When Everyone Cheats

Around a decade ago, the CEO of the Japanese subsidiary of a European building infrastructure and engineering services company told me his business had repeatedly experienced safety failures and accidents. One person had died and others might have in other incidents but fortunately had not. He told me he suspected the cause was the failure of frontline staff to follow safety protocols. He asked me to investigate and find out.

A Japanese prosecutor had taken an interest in the accidental death case and was investigating the company. The threat of an imminent indictment was real. News of the company’s accidents was in the media.

The company had branch offices in Tokyo and throughout Japan, serving customers in their territories. I traveled to every branch and interviewed the branch directors, the mid-level managers, and a selection of frontline staff.

The frontline staff all told the same story. Their managers pressured them to skirt safety protocols, often in defiance of Japanese regulations, to boost productivity and business results. The mid-level managers told me that the branch directors pressured them to do the same.

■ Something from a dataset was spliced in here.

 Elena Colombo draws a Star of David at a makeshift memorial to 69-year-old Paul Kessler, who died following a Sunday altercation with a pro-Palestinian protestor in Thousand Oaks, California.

The branch directors all told me it was true—that this was the reality of the business. All companies in the industry skirted safety regulations, and it was necessary to do so to maintain profitability. It was an acceptable, necessary evil.

One branch director told me that the skirting safety protocols issue was irrelevant to his office, even though he admitted to the practice. He glared at me from across his desk, contempt in his eyes and a righteous indignation in his tone. His office had never suffered an accident or incident, and he asked dismissively why lax safety should matter to him.

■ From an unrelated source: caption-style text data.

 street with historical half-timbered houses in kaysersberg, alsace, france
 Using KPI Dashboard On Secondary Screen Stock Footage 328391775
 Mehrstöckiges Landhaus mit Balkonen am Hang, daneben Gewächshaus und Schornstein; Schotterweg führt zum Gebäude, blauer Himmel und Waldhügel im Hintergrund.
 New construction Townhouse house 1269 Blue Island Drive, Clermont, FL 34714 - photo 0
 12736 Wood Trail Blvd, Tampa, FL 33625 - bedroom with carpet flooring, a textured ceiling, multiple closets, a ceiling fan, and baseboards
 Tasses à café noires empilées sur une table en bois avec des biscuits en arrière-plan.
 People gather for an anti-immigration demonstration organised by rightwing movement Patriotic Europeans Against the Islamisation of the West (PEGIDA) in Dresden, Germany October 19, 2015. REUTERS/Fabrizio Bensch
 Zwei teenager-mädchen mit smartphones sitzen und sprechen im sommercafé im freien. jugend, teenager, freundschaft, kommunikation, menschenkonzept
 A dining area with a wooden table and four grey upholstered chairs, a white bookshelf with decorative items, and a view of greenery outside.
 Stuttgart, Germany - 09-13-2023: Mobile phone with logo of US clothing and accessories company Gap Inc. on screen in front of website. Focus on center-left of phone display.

Arrogance is the belief that one has nothing left to learn. Smugness is arrogance without the talent.

The branch offices were dark and quiet. There was none of the usual office banter I typically hear—excitement about a recent success, laughter and small talk among workers returning from lunch, chatting about evening or weekend plans, or any vibrancy about life. All the staff people I interviewed were stiff, muttering in muffled tones and checking their watches. No one was happy to talk with me.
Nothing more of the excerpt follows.